'''
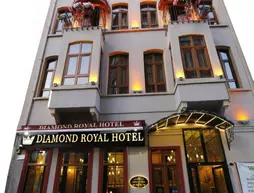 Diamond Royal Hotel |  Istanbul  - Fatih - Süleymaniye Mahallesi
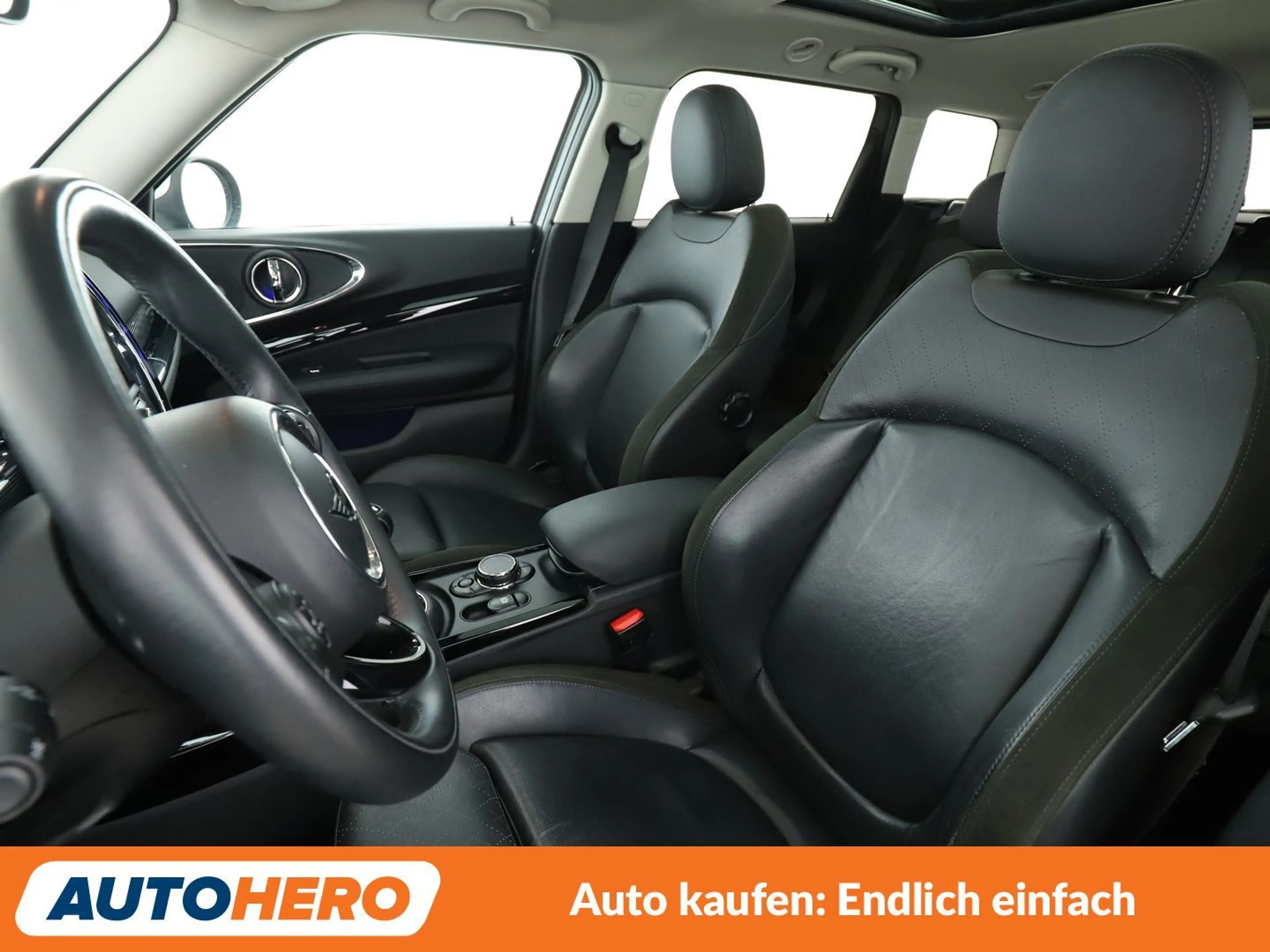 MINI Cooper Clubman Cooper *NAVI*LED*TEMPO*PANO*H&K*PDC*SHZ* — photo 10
'''
'''
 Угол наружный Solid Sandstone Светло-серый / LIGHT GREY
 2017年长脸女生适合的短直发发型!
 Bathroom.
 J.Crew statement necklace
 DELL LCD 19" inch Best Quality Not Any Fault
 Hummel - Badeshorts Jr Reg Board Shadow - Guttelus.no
'''
Problem details: Using the listing above, reproduce word for word every line from the one containing "Diamond Royal Hotel" through the one containing "MINI Cooper Clubman". Pictures must be left out.

Task output:
 Diamond Royal Hotel |  Istanbul  - Fatih - Süleymaniye Mahallesi
 MINI Cooper Clubman Cooper *NAVI*LED*TEMPO*PANO*H&K*PDC*SHZ* — photo 10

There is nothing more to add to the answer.